Records drawn from a dataset:
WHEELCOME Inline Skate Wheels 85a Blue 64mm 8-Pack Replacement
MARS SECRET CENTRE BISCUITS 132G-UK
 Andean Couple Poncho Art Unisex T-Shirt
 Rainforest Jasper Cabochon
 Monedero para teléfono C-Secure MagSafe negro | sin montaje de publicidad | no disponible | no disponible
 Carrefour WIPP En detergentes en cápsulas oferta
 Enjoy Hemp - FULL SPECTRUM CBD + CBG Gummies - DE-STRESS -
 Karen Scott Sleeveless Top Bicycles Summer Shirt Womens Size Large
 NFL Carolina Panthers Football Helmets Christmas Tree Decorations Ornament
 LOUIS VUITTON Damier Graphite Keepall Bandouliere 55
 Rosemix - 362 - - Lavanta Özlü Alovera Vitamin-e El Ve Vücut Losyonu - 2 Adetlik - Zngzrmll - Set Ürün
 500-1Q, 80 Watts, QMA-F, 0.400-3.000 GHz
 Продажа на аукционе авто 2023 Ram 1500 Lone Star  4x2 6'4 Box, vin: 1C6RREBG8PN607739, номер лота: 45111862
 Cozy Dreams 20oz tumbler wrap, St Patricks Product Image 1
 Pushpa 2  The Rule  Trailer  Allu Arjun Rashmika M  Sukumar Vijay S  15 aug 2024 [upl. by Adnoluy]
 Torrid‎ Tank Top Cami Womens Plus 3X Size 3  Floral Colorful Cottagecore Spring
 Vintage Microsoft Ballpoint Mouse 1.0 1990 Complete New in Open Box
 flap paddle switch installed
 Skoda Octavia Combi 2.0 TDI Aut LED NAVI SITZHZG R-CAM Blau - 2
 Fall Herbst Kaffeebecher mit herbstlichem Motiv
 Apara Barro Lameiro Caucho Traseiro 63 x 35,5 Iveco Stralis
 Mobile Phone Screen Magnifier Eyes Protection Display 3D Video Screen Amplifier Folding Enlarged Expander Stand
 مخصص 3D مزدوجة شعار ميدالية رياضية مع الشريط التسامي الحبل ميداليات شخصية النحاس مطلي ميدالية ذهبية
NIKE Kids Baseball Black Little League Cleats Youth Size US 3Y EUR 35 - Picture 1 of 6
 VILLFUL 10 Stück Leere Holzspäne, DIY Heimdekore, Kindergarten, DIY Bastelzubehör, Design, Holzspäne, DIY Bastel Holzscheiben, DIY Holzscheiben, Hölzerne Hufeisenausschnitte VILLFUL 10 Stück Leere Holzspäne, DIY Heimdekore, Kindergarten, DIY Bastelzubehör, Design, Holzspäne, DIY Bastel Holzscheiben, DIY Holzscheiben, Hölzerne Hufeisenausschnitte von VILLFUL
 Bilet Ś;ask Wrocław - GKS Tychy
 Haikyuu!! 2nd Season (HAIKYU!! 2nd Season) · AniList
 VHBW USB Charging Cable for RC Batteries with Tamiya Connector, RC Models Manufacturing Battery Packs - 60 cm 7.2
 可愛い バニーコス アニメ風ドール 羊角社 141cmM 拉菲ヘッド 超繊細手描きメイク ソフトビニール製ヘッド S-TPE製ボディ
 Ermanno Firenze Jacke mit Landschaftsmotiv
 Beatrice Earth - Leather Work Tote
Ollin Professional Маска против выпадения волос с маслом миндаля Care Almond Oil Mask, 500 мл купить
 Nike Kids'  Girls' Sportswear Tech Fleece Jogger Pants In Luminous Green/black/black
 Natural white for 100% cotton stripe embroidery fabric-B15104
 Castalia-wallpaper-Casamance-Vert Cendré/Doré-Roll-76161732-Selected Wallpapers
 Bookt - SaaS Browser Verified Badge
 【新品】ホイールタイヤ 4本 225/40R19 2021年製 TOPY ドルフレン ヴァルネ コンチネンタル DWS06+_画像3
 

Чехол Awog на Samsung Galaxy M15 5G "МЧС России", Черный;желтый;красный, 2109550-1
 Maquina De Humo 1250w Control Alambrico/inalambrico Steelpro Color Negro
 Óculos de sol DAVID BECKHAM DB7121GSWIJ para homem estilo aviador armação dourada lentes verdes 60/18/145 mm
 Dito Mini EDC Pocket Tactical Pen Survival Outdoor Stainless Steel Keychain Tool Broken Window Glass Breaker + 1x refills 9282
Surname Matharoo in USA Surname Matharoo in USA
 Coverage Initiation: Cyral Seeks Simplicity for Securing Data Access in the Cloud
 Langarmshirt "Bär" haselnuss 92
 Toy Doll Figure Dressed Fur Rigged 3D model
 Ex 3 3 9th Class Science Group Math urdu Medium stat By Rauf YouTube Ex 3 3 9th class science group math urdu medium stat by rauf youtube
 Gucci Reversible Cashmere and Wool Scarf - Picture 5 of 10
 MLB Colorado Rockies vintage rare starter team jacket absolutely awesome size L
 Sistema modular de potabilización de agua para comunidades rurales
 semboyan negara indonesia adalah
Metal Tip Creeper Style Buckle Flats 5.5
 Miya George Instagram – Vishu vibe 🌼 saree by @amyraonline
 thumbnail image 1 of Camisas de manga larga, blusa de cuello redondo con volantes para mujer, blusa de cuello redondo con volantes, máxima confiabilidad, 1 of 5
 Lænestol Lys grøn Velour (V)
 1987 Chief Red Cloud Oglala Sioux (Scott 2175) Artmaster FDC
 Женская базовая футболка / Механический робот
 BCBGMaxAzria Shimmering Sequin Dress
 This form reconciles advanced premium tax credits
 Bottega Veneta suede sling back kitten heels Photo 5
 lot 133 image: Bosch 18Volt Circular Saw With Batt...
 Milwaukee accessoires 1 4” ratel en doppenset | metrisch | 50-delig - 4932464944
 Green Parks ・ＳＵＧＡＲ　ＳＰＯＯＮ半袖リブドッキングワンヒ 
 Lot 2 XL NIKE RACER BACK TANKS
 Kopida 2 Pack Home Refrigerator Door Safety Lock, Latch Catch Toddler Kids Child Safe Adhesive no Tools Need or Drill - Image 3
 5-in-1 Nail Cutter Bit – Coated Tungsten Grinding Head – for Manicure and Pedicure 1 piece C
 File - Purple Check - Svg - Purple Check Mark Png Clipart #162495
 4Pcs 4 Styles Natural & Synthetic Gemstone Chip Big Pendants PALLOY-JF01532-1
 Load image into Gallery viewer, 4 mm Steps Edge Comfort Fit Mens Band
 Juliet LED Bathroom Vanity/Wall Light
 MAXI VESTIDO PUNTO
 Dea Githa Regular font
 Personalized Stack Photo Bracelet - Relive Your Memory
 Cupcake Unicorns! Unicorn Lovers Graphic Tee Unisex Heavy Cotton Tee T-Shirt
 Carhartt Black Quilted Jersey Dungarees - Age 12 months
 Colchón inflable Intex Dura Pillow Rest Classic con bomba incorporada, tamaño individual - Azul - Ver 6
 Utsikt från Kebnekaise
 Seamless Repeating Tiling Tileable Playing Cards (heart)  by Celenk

About this task. Nothing but the lines above from the one containing "Gucci Reversible Cashmere" through the one containing "Bottega Veneta suede" should appear in the answer, each repeated exactly.

Task result.
 Gucci Reversible Cashmere and Wool Scarf - Picture 5 of 10
 MLB Colorado Rockies vintage rare starter team jacket absolutely awesome size L
 Sistema modular de potabilización de agua para comunidades rurales
 semboyan negara indonesia adalah
Metal Tip Creeper Style Buckle Flats 5.5
 Miya George Instagram – Vishu vibe 🌼 saree by @amyraonline
 thumbnail image 1 of Camisas de manga larga, blusa de cuello redondo con volantes para mujer, blusa de cuello redondo con volantes, máxima confiabilidad, 1 of 5
 Lænestol Lys grøn Velour (V)
 1987 Chief Red Cloud Oglala Sioux (Scott 2175) Artmaster FDC
 Женская базовая футболка / Механический робот
 BCBGMaxAzria Shimmering Sequin Dress
 This form reconciles advanced premium tax credits
 Bottega Veneta suede sling back kitten heels Photo 5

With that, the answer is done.